This year for its annual Fall Workshop, the Michigan Archival Association is sponsoring the Mid-Michigan Digital Practitioners (MMDP) workshop! Because of this generous donation, MMDP is giving MAA members the opportunity to register first. Registration will open to everyone on August 24th, so be sure and reserve your spot as early as possible! The workshop is free of charge, and you are also welcome to attend the MMDP meeting held the following day on October 9 (details on the registration page).
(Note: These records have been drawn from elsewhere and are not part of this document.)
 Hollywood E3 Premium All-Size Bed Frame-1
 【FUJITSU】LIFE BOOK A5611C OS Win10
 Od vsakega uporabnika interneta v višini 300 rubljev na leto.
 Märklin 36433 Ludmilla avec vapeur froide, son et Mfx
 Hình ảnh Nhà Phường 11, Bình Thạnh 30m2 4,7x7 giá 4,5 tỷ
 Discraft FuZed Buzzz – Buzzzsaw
The free half-day workshop will be held October 8 at Albion College. The first half will focus on Structured Data Wrangling and in the second half, we will switch to Leveraging DH Methods and Tools in the Archive (details below). To register, follow this link: https://www.surveymonkey.com/r/JR6QYF6.
Structured Data Wrangling
Instructors: Max Eckard, Dallas Pillen – Bentley Historical Library
Whether you’re a historical society managing Past Perfect catalog records, an academic library doing visualizations on subject relationships in MARC records, or an archive trying to reconcile years of legacy descriptive practices in EAD, chances are that you have some structured data or metadata sitting around somewhere, and it’s messy!
At the completion of this workshop, attendees will be able to:
1. Use Python and lxml to iterate through a directory of XML files and output the contents and location (XPath) of a particular node to a CSV file;
2. Use OpenRefine and the Google Refine Expression Language (GREL) to clean that CSV file; and
3. Use Python and lxml on an export from OpenRefine to update the original XML files with the cleaned nodes.
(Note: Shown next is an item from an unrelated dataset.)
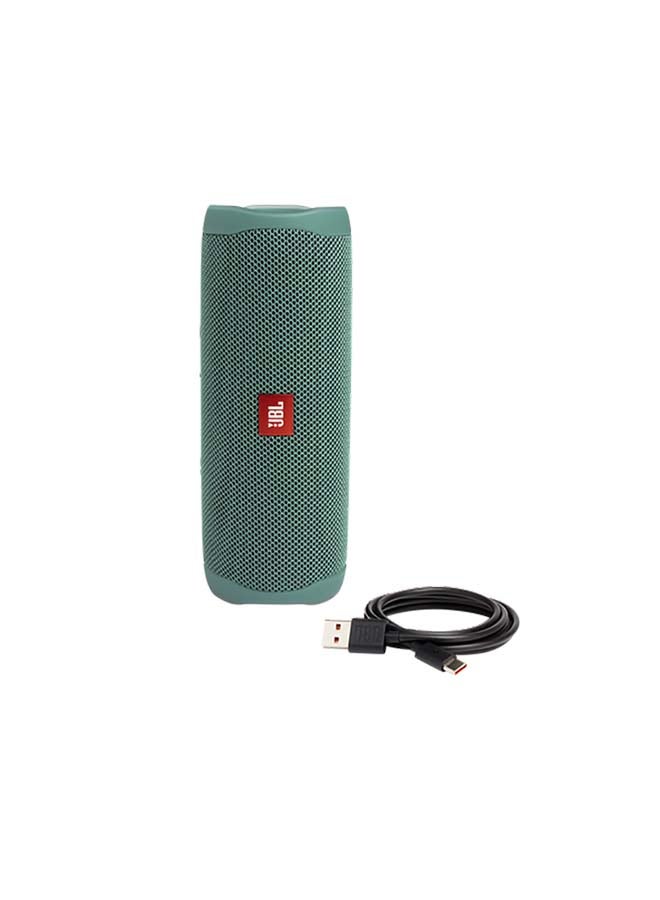 JBL Bluetooth Speaker Flip5 Green - Image 4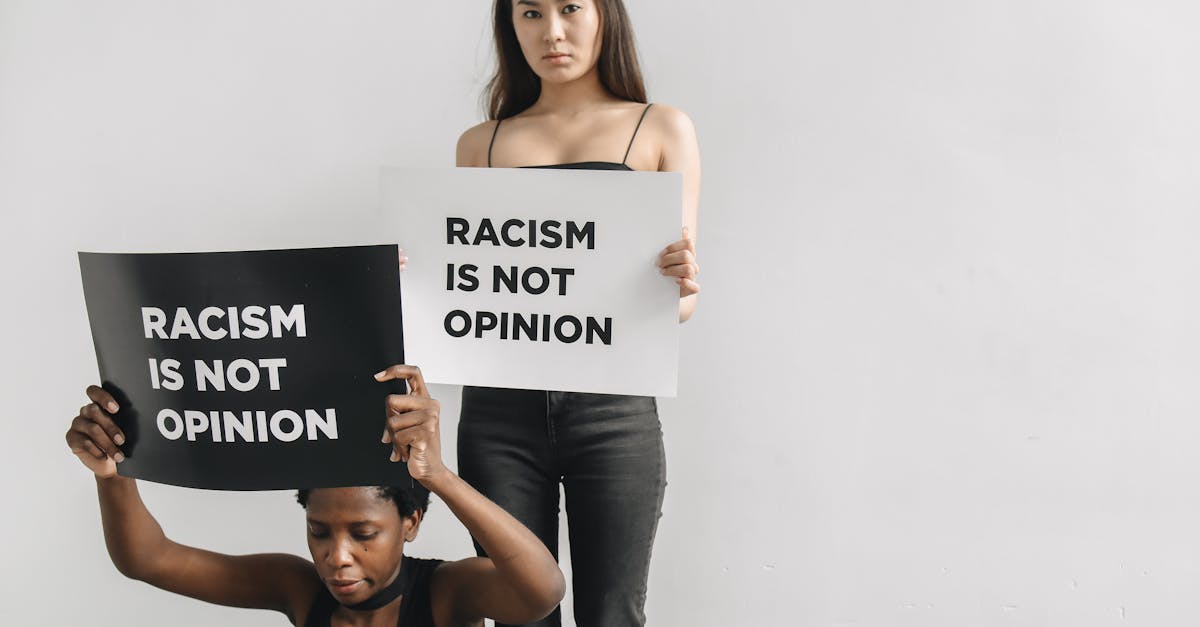 d&eacute;couvrez une analyse approfondie du racisme, ses origines, ses impacts sur la soci&eacute;t&eacute; et les moyens de le combattre pour promouvoir l'&eacute;galit&eacute; et le respect entre tous.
We’ll just be covering the basics, but we hope this workshop will help to open your eyes to new and automated possibilities for cleaning data back at your institution!
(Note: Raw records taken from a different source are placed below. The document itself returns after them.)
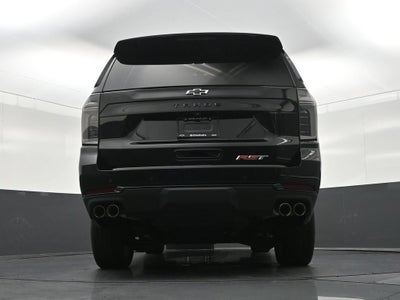 2025 Chevrolet Tahoe RST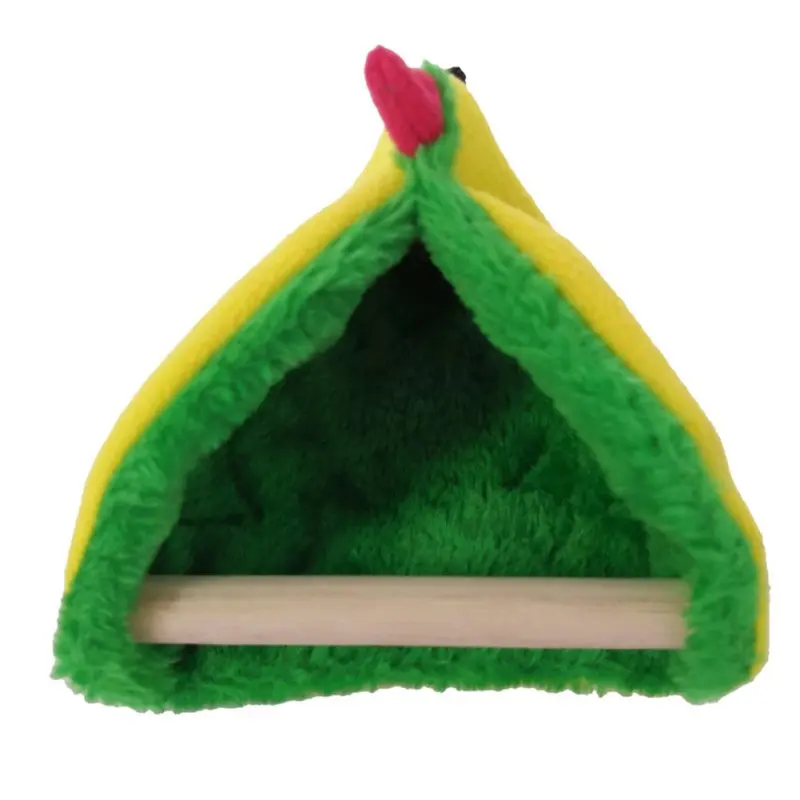 Гамак для домашнего использования домашних животных птичье гнездо качели зимняя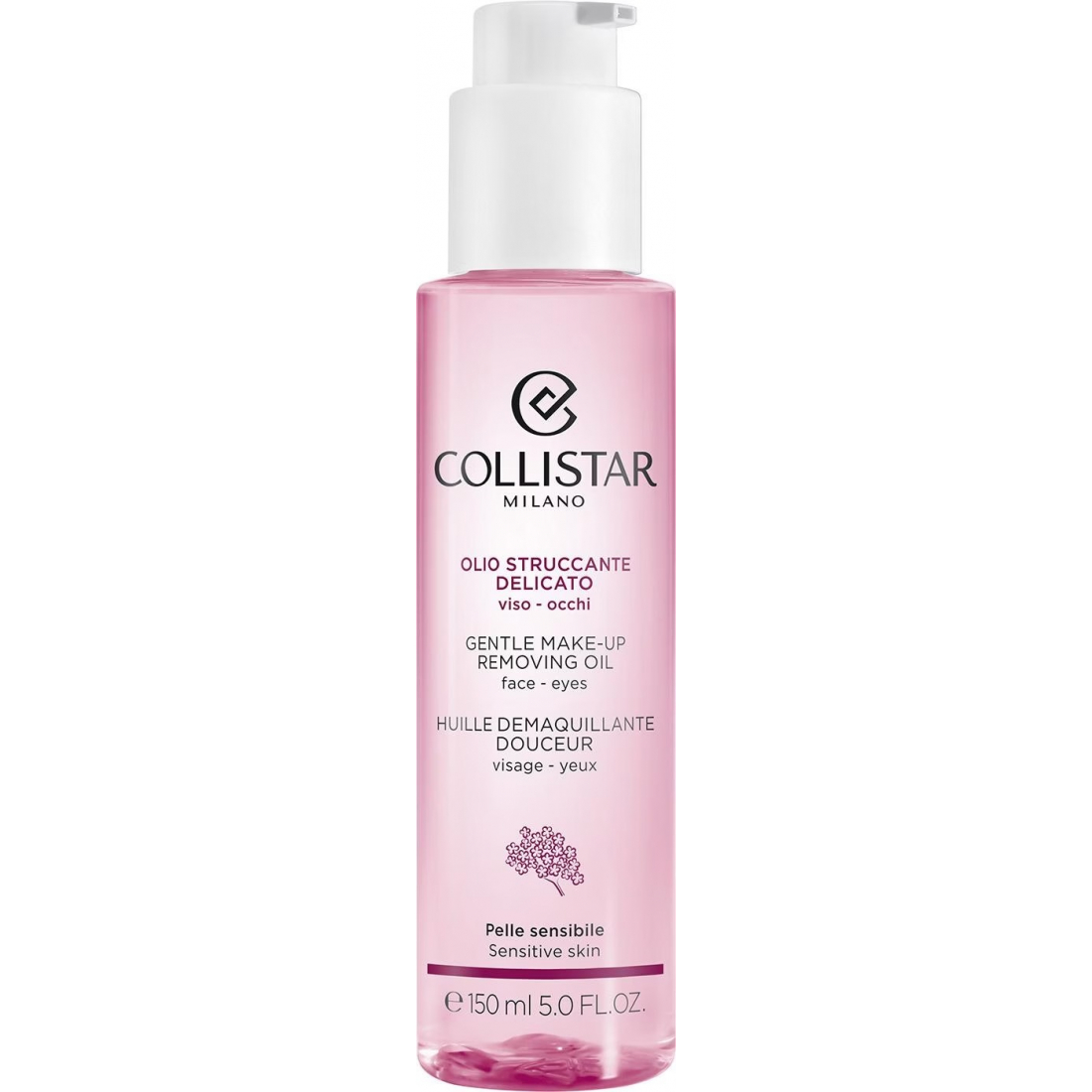 Huile Démaquillante 'Gentle' - 150 ml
Leveraging DH Methods and Tools in the Archive
Instructors: Thomas Padilla, Devin Higgins – MSU Libraries
This workshop will be geared toward folks interested in exploring how methods and tools commonly used in the Digital Humanities could be leveraged to help (1) enhance collections (2) provide alternative means for navigating collections (3) shorten the time between collection acquisition and user access.
Tools used in this workshop will be the Stanford Named Entity Recognizer and the Topic Modeling Tool.
The workshop will teach attendees about the techniques of Named Entity Recognition – automatic recognition of people, organizations, and geographic places in unstructured text and Topic Modeling – algorithmic method for surfacing themes in unstructured text.
1:00 PM – 1:15 PM: Welcome
1:30 PM – 2:45 PM: Structured Data Wrangling (Max Eckard, Dallas Pillen – Bentley Historical Library)
2:45 Pm – 3:00 PM: Break
3:00 PM – 4:15 PM: Leveraging DH Methods and Tools in the Archive (Thomas Padilla, Devin Higgins – MSU Libraries)
4:15 PM – 4:30 PM: Wrap-up
4:30 PM – ?: Networking (offsite)